While other private equity (PE) shops have handed over bigger checks so far this year than the one Thoma Bravo is writing for SonicWALL, the buyout of the unified threat management vendor is the most money that a single firm has spent to take a public company off the market in 2010. Other large deals have involved either carve-outs (IDC, for instance, was majority owned by Pearson), secondary transactions (Hellman & Friedman’s flip of Vertafore to TPG Capital) or club deals (the consortium buyout of SkillSoft, as well as IDC).

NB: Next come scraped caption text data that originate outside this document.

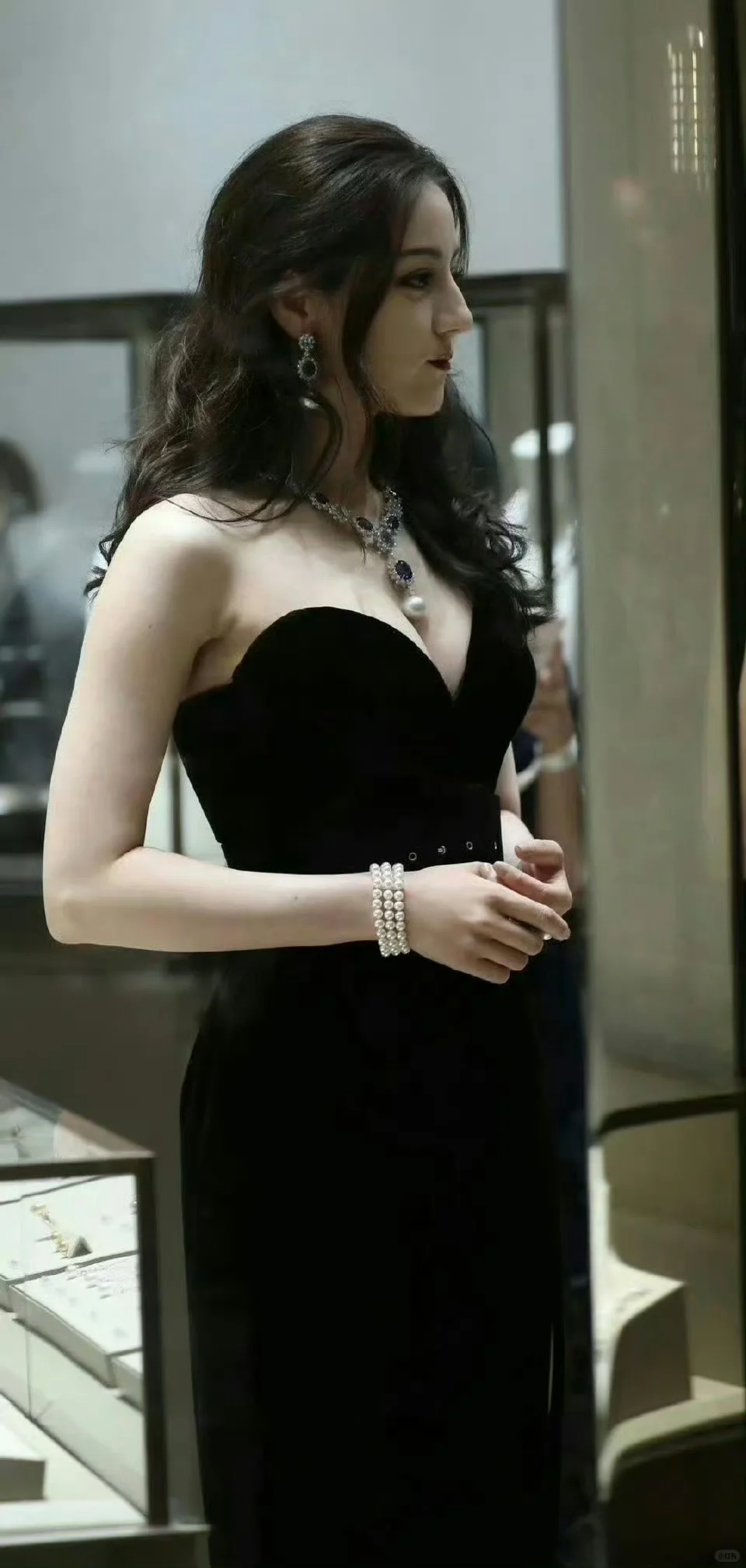 她的美，一眼万年！😍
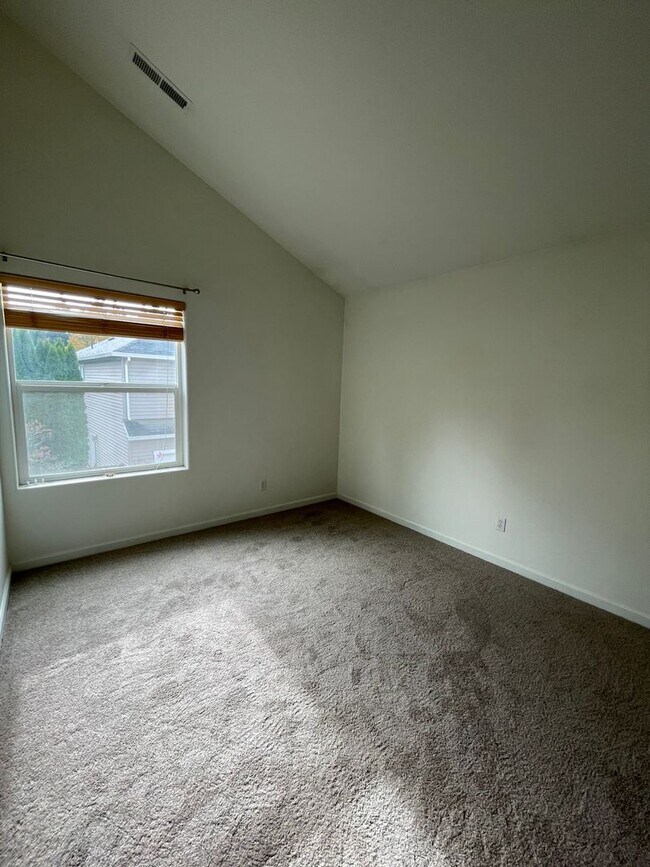 Building Photo - 5736 NE Hidden Creek Dr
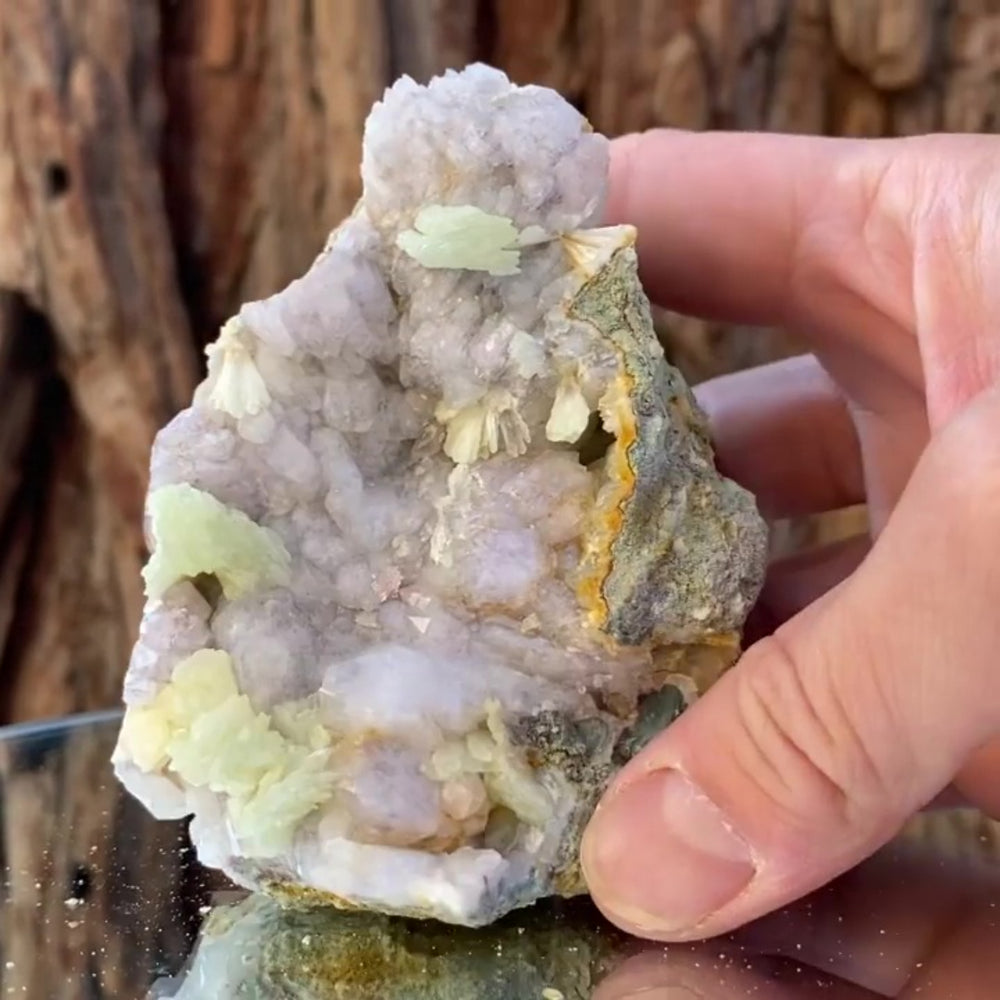 
            
                Load image into Gallery viewer, 9cm 400g Prehnite from Imilchil, Middle Atlas Mtns, Morocco
            
        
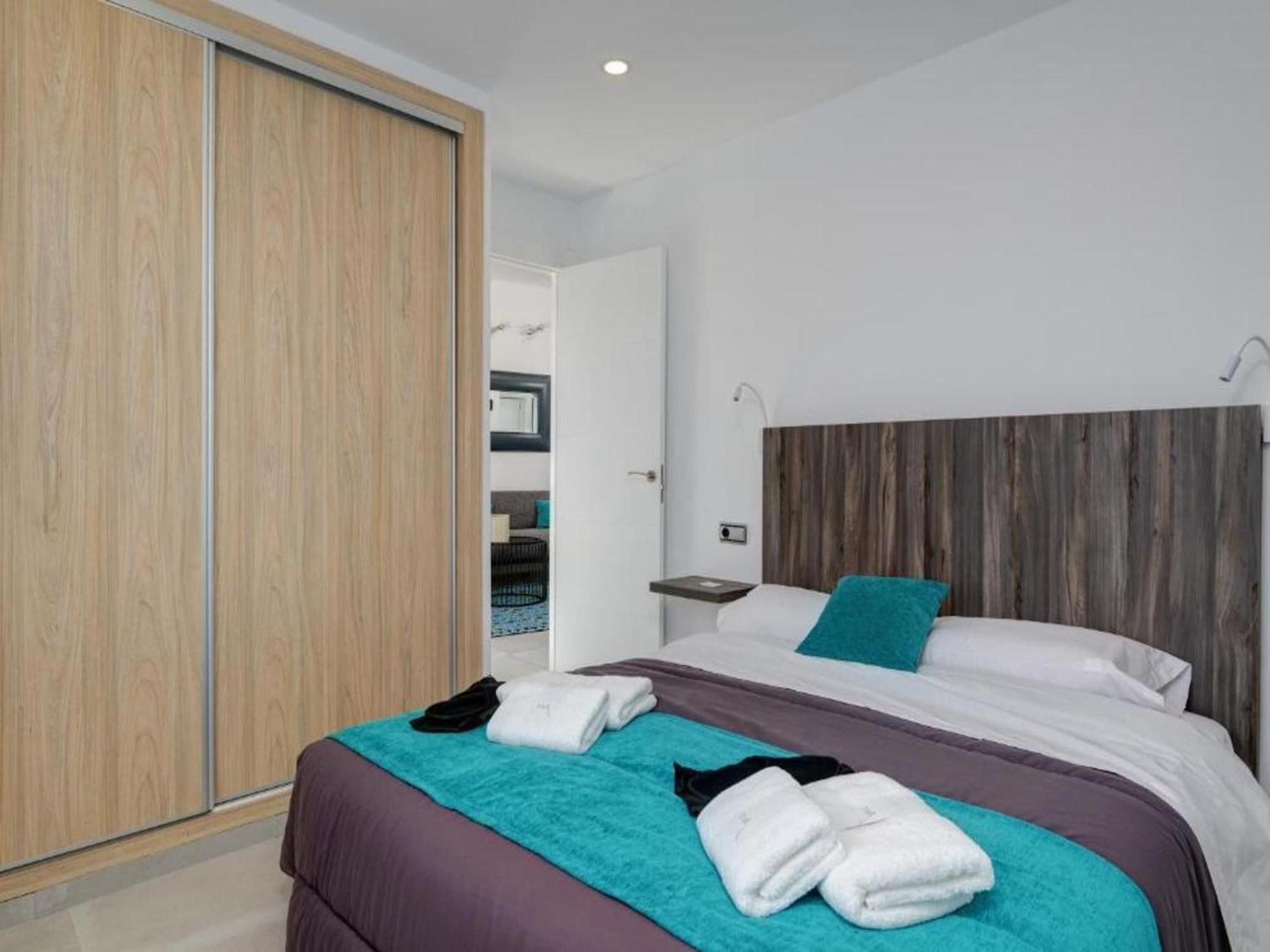 Faro's Atico Tribuna Apartment *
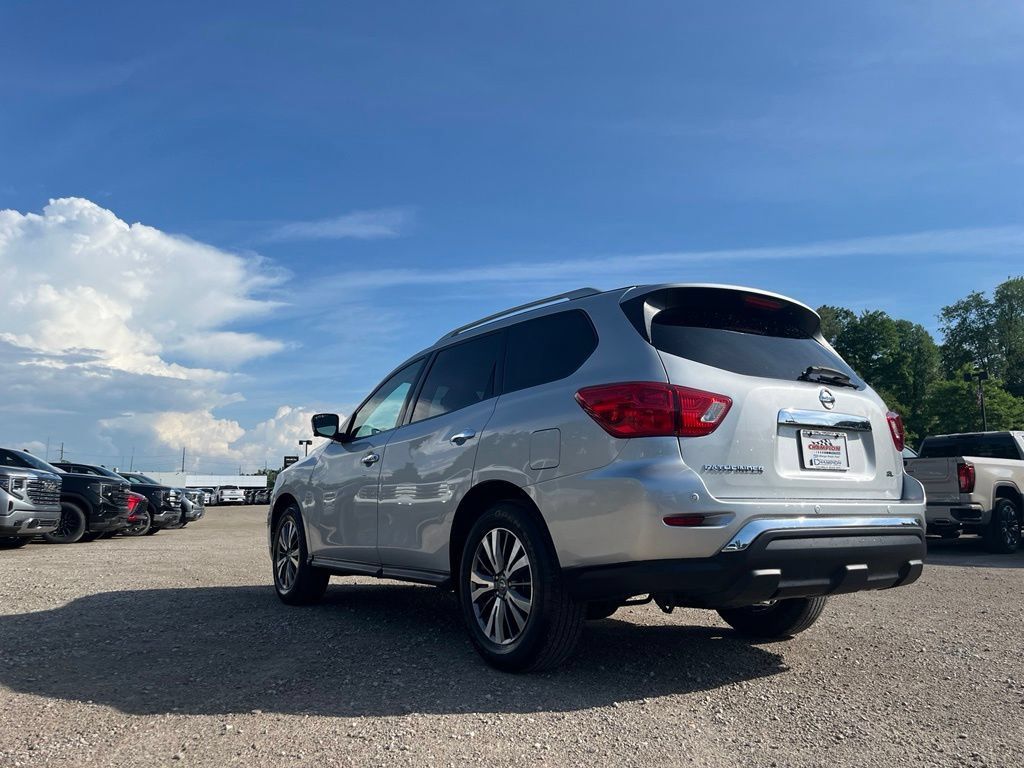Used 2020 Nissan Pathfinder SL FWD image 10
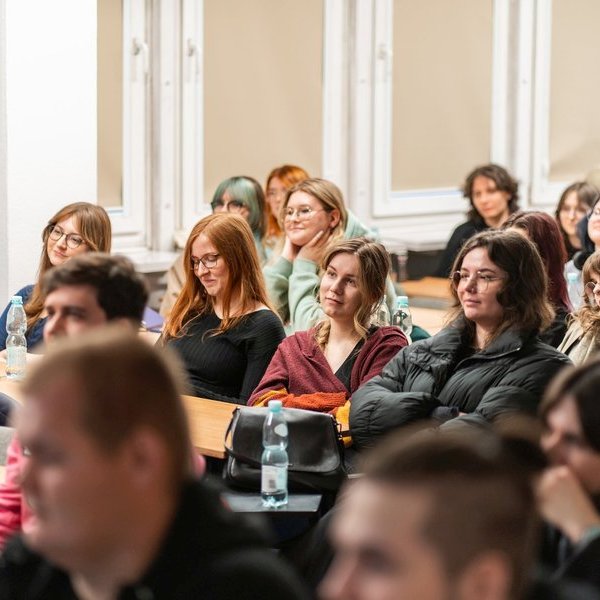 Uczestnicy warsztatów podczas dyskusji. Fot. Michał Wielebski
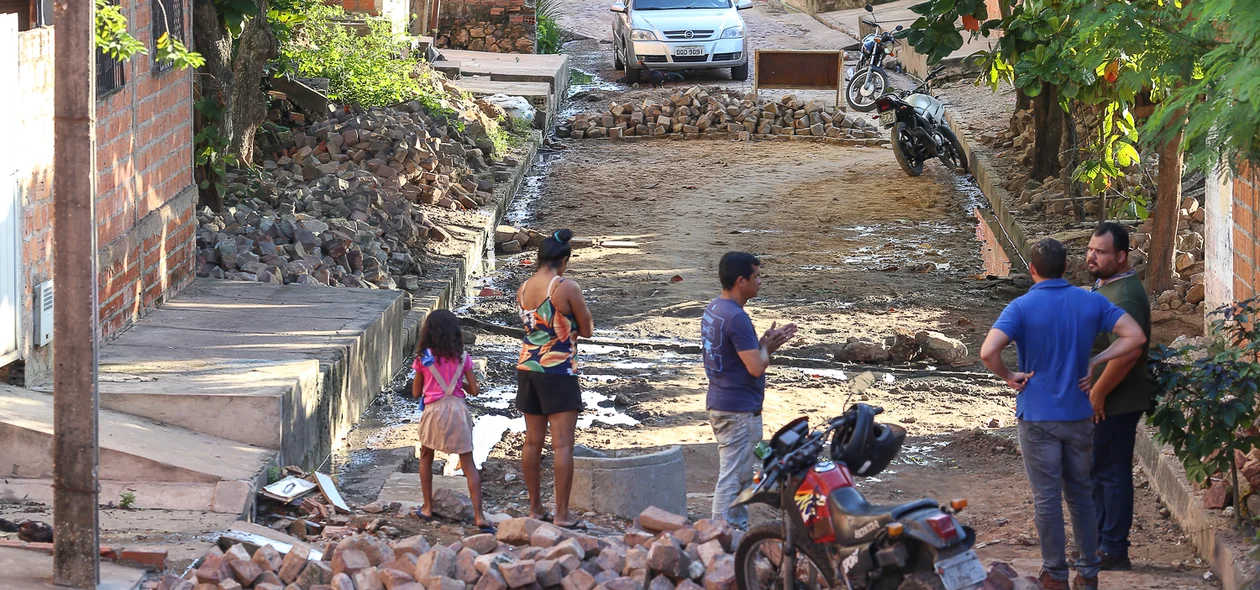 Moradores na Rua Boa Esperança, localizada no bairro Pedra Mole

The big-ticket buyouts of SonicWALL and other companies have helped push PE activity so far this year to essentially where it was in 2008. PE spending in the first two quarters of 2010 hit $14bn, just a shade under the $16bn we tallied in 2008 but a dramatic rebound over the paltry $2bn we saw in the first half of last year. The seven-fold increase in spending by buyout shops so far in 2010 has vastly outpaced the broad M&A market, which is basically running at twice the spending of the same time in recession-wracked 2009. See our full report on first-half tech M&A activity.

Tech M&A strikes back

Contact: Jarrett Streebin

As we pointed out in a recent webinar, 2010 is shaping up to be a great year for tech M&A. With year-to-date acquisition activity already surpassing last year’s total value and number of deals, it appears as though most companies were just sitting out the storm until it was time to start buying again.

The same trend in M&A can be seen in our annual AlwaysOn study. Each year before the AlwaysOn Summit at Stanford, we do a breakdown on companies that have been selected to the AO Global 250. This year’s uptick was even more pronounced for firms selected by AlwaysOn. The median revenue multiple for AO companies was 5.2, compared with only 1.5 for tech M&A as a whole. This was based on the incredibly high volume of AO companies bought. From August 2009 to early July, there were 37 exits by AO companies, more than in any other 12-month period before. There was also the second-most total spending, with more than $5.6bn spent.

Some of the more notable exits were AdMob by Google, Greenplum by EMC and Cast Iron Systems by IBM. Google, EMC and IBM were some of the most acquisitive players this year, with each buying three AO companies. They cast their votes in the most meaningful way – by reaching for their wallets.

Apple maps collision course with Google

Contact: Jarrett Streebin

Marking its second purchase of a mapping company in just nine months, Apple reportedly reached for startup Poly9 Group last week. Not much is known about Quebec City-based Poly9, which makes interactive 3-D software. (And not much can be gleaned from the company’s website, which no longer loads.)

Apple’s latest acquisition comes on the heels of its pickup of Placebase last October. The Los Angeles-based startup, which had been bootstrapped, specialized in maps similar to Google Maps but with more customization. With Poly9, Apple adds 3-D mapping capabilities that are comparable to Google Earth. Currently, Apple phones use Google Maps for mapping – but we can only assume that’s going to change once Apple rolls out these features.

Of course, this is just another area where the two once-friendly tech giants are finding themselves in competition with one another. And it’s not the first time that M&A has figured into the fight. Back in January, after losing the bidding war with Google for mobile advertising startup AdMob, Apple turned around and bought Quattro Wireless. Since then, Apple has rolled out its own mobile advertising platform, iAd. Apple’s expansion into mapping will definitely help its advertising efforts as mobile ads become increasingly targeted to a user’s exact location. With Apple and Google, which each hold some $30bn in cash, both targeting some of the same markets, we suspect they’ll be bumping into each other in future deals as well.